**Activity:**
A stretch of the entries below is to be set down exactly, running from the line with "FWStyle Chilton 6" through the line with "Муслиновая пеленка для", both included, and no other line.

**Given data:**
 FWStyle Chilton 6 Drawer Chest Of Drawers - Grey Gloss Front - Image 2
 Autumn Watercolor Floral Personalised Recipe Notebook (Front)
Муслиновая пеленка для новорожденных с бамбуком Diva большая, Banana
...
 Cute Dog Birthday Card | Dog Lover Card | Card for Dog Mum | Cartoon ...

**Finished exercise:**
 FWStyle Chilton 6 Drawer Chest Of Drawers - Grey Gloss Front - Image 2
 Autumn Watercolor Floral Personalised Recipe Notebook (Front)
Муслиновая пеленка для новорожденных с бамбуком Diva большая, Banana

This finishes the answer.